In summary, the proposed method shows better performance than standard SLIC and IER, which is because the revised Wishart distance between two coherency matrices can better describe the data distance than the Euclidean distance in CIELAB color space, and the postprocessing based on a dissimilarity measure can better preserve the strong point targets than CCA. Our algorithm outperforms SLIC-GC as a result of initializing unstable pixels as all the pixels, which makes all the potential edges contained; only relabeling unstable pixels, which makes the proposed method more efficient and avoids incorrectly sorting more pixels; and implementing the revised Wishart distance in a fast way, which makes the computation efficiency further higher.

5. Conclusions

IER is a fast superpixel segmentation algorithm for optical images. Due to the inherent speckle noise and the existence of many small-sized or slim regions in PolSAR images, a fast PolSAR superpixel segmentation based on edge refinement and fast revised Wishart distance was proposed in this paper. The fast revised Wishart distance between two coherency matrices was utilized in the local relabeling of the unstable pixels instead of Euclidean distance in CIELAB color space to reduce the impact of speckle noise. To preserve the edges of the small-sized and slim regions as much as possible, the initialization of unstable pixels was set as all the pixels in PolSAR images rather than only the grid edge pixels. Finally, a postprocessing procedure, based on the dissimilarity measure, was employed to remove the generated small isolated regions as well as to preserve the strong point targets. The evaluations on four simulated PolSAR images with different sizes demonstrated the availability of the fast revised Wishart distance and the proposed initialization in terms of four commonly used criteria, i.e., BR, USE, ASA and running time. The experiments on two real-world PolSAR images showed that our proposed Pol-IER outperformed the other three methods including standard SLIC, IER and SLIC-GC in boundary adherence, regularity and strong point targets’ preservation.

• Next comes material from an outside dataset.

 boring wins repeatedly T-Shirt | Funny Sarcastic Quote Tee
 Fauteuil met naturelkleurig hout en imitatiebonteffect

Although the running time is slightly longer than the standard SLIC and IER, it is much shorter compared with other methods of superpixel generation for PolSAR images and is even about nine times shorter than that of SLIC-GC with large-sized images. However, as a result of initializing all the image pixels as unstable pixels, the Pol-IER is more time consuming compared to the standard SLIC and IER which are originally proposed to generate superpixels for optical images. Therefore, it would be beneficial to further improve the efficiency of our proposed approach in future work.

Acknowledgments

The work was supported by the National Natural Science Foundation of China under Grants 61331015 and 61372163. Thanks the authors of the literature [22] for kindly providing the code of SLIC-GC.

Author Contributions

Yue Zhang, Huanxin Zou and Shilin Zhou designed and analyzed the proposed algorithm and experiments. Yue Zhang, Tiancheng Luo, Xianxiang Qin and Kefeng Ji performed the experiments and analyzed the corresponding results. Yue Zhang and Huanxin Zou wrote the paper jointly.

Conflicts of Interest

The authors declare no conflict of interest.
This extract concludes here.